Can You Not, Thanks.

Jeremy Hunt, some say you're a --
very nice man really,
(irony)
but
interference
in a realm
that is so far removed from yours
is, simply,
refused:

womb belongs to woman
and she will never allow legislation
to become part of her decision.
Your supposedly elevated status
should never allow you to
invade
this most private of spheres.
You will find your approach blocked
by any who feel
their body
=
their choice.

5 comments:

Robert said...

Did you always think this way, or is it a recent opinion?

Typewriter said...

Hmm. There's underlying truth which is a common thread. There's also the idea that politics fuels poetry of a certain kind :) Might do the other side soon, but this was first.

Robert said...

So this is parody, then? If it is, then it's a good parody. It captures the smugness as well as the moral and intellectual bankruptcy which make the abortionist position so particularly loathsome.
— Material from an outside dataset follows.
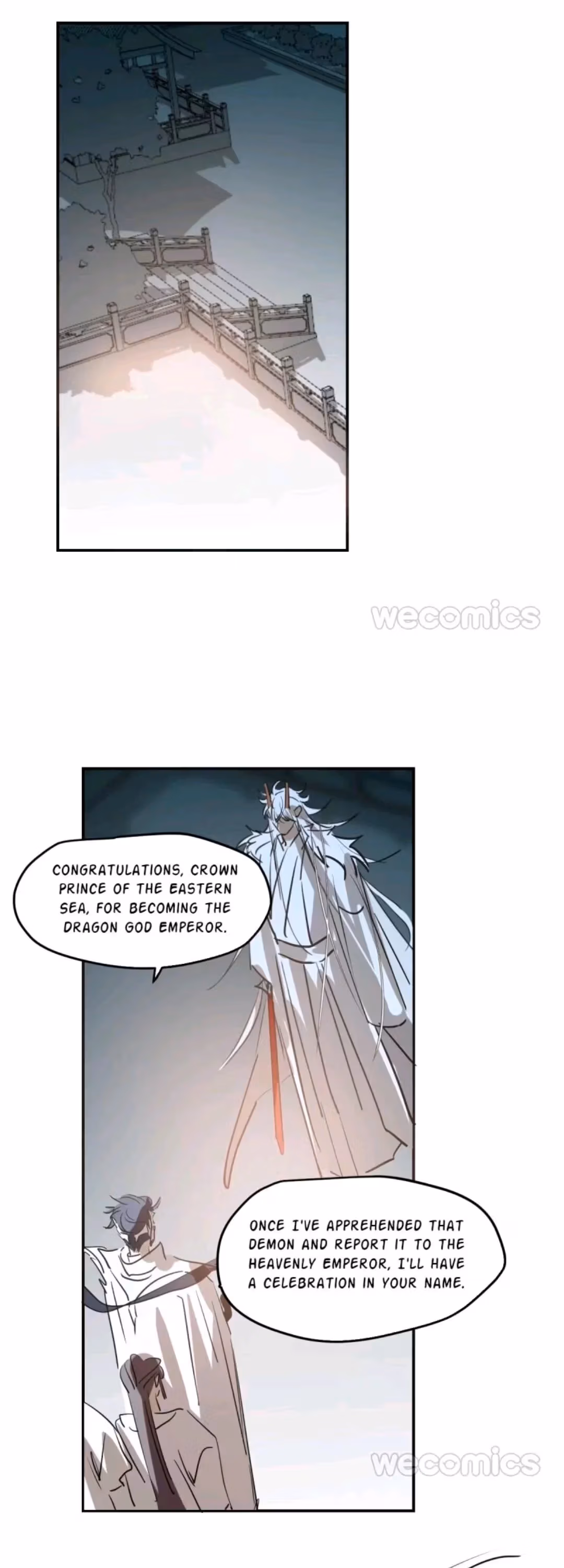 Dragon In Distress Chapter 93 page 15 -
I find it reassuring that this has no poetic qualities: it shows that anti-human poetry must necessarily fail qua poetry, which is a positive message. The form of expression of a quintessentially ugly sentiment cannot succeed in rendering it beautiful. I don't know if that is universally true or not, but I hope it is.

Typewriter said...

It's interesting that you have such strong feelings on a poem which was intended to capture strong feelings; in answer to your question, not quite a parody, no.

In the words of Wilde, the 'aim is simply to create a mood. It is not meant to instruct, or to influence action in any way.' I'm also reminded of 'Those who find beautiful meanings in beautiful things are the cultivated. For these there is hope.'

Robert said...

I do not agree with Wilde. The philosophy he was expressing was more beautifully encapsulated by Walter Pater in the conclusion of Essays on the Renaissance: "to burn always with this hard, gem-like flame, to maintain this ecstasy, is success in life". By an interesting coincidence, I was thinking about this the other day. Pater expressed himself so thrillingly that his remarks have always stayed with me. I don't think his philosophy was meaningfully different from the prevailing attitudes of the postmodern epoch which have produced the moral wasteland we now inhabit, in which the concepts of good and evil are regarded with contempt and personal gain has become almost the sole motivator of action - an attitude which, amongst the rest, has given us the atrocity of institutionalised abortion, in my opinion the ultimate manifestation of our cultural degeneracy. But Pater argued his case in such powerful language that I could, and still can, see the beauty of it - precisely as he intended. It is important to recognise the crucial factor, which is that Pater, coming from a Victorian Oxford background, had a taste more fine and cultivated than anyone alive today (as Wilde may also have done, I don't know - he hid it well if so). That was the only way his philosophy of life could be made to seem palatable. Wilde referred to the "elect"; he recognised that such an attitude to life could never be permitted to spread to the general population. His was consciously an argument for cultural elitism, a salvific amorality of breeding, intellect and cultural status. I think our history has shown that the consequence of a moral vacuum existing among the elite, but not amongst the people, is that the civilization decays from the top down, until the whole thing is necrotic. As for whether there is really hope for such people, I think there is not. If there is any hope for any of us, it does not come in such a form.